De La Fuente acknowledges that he changed his mind over the weekend. As he tells it, the more he thought about the affordable-housing proposal, the more he realized how flawed it was. He noted that unlike a version he backed in June before he lost his bid for mayor to Ron Dellums this version didn't have the backing of developers, so the community was divided.
So did Nacho bow to pressure from his developer buddies or did he really just go with his gut? De La Fuente says he didn't get any pressure. And he makes an interesting point: Politically, the smart thing to do would have been to go along with Brunner and the ordinance's cosponsor, Jean Quan. Now the two are less likely to back him for another stint as council president, a powerhouse position he created, when his term ends in December. "When I really thought about it," De La Fuente says, "I realized it wasn't the right thing to do."

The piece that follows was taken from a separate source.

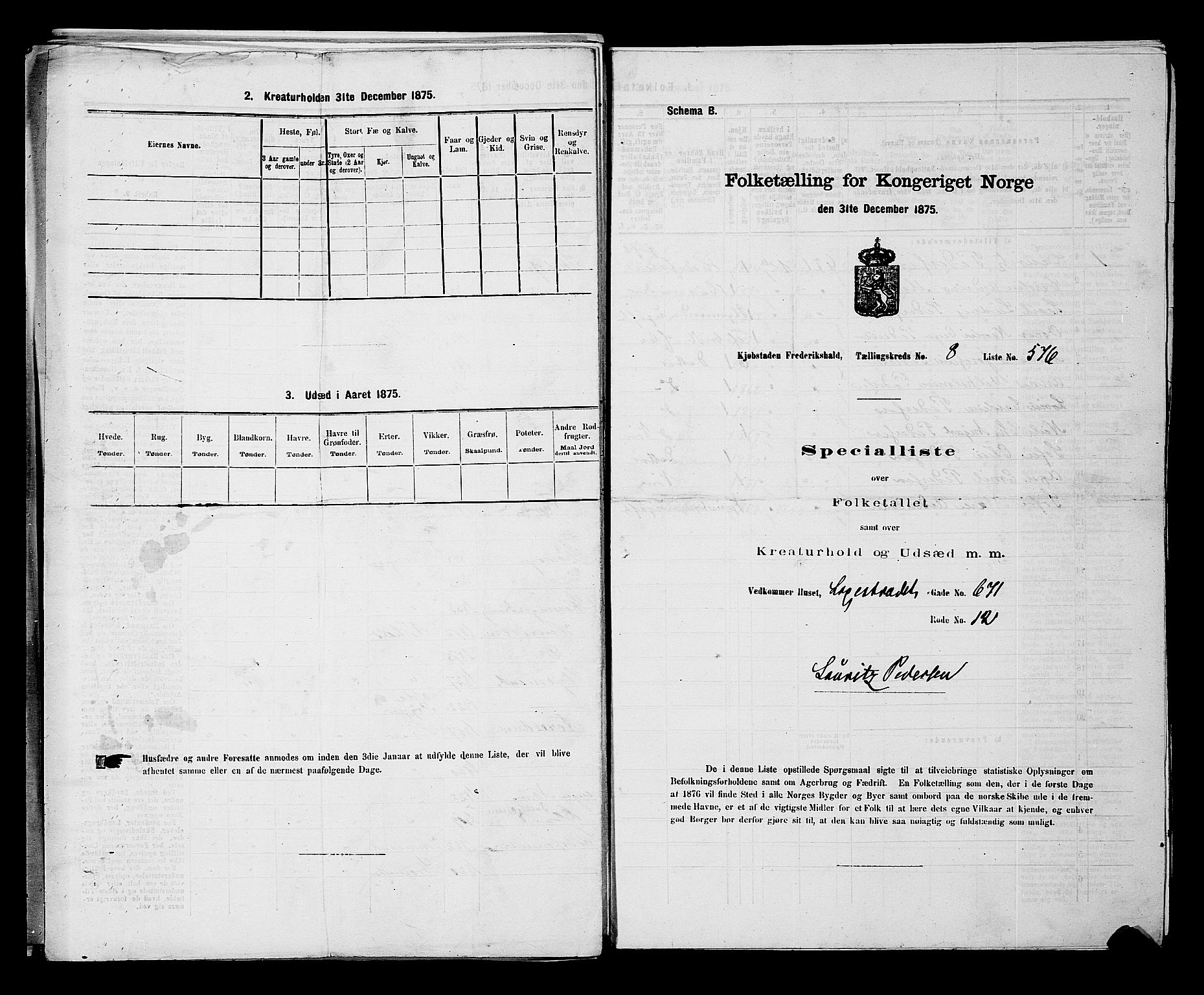 RA, 1875 census for 0101P Fredrikshald, 1875, p. 1401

As for his recent meeting of the minds with Brooks, De La Fuente cautions against reading too much into it. He says that they just happened to agree on these two issues. "It's not like we're friends or anything."
Dirty Tricks & Dirty Talk
Who says Berkeley politics aren't fun anymore? Oh, right I did. But maybe I was wrong. Feeder has been thoroughly enjoying the recent sniping between City Councilman Kriss Worthington and his challenger George Beier.
Worthington informs Feeder that one of his foot soldiers tailed a man who was going door-to-door around the South Campus council district, removing Worthington fliers and replacing them with Beier literature. The Worthington spy then followed the bagger to Beier's campaign office. Afterward, the man told the councilman's spy that Beier had paid him $10 an hour for his work. "It was obviously a concerted effort to pick up every piece we had put out," Worthington says.

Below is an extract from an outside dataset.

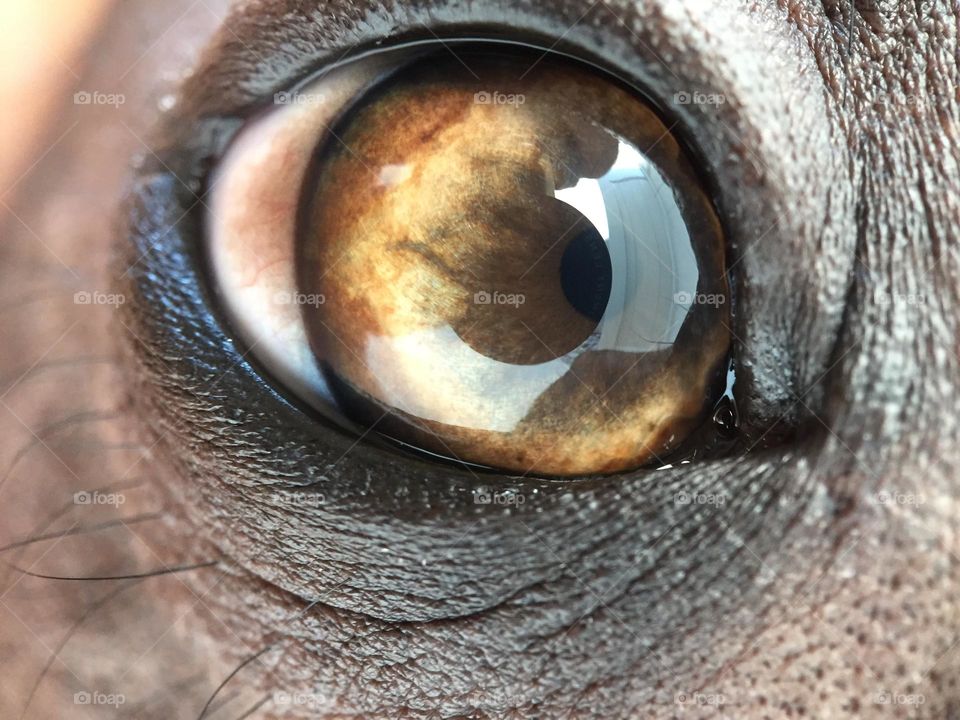 Dog eye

Beier adamantly denies that he paid anyone to trash Worthington's propaganda. He concedes that one overzealous campaign worker did take two of Worthington's pieces, but that was it. Beier says he's told his volunteers and staff not to pick up anyone else's literature, and that if they do, he'll make them return it: "You won't see any dirty tricks from me," he says.
Meanwhile, a Beier volunteer making phone calls on his behalf complained about a very nasty response from a Worthington backer. After the volunteer gave the vote-for-George spiel, the person on the other end reportedly snarled, "I wouldn't piss in his mouth if he was lying parched in the desert," and hung up. Turns out the urine-miser was none other than Worthington's roommate.
Worthington checked with his roomie, who said she was, ahem, pissed because the Beier campaign kept calling her even though she'd told them she was backing Kriss. "She wanted to send them a message to leave her alone for the rest of the election," Worthington explains.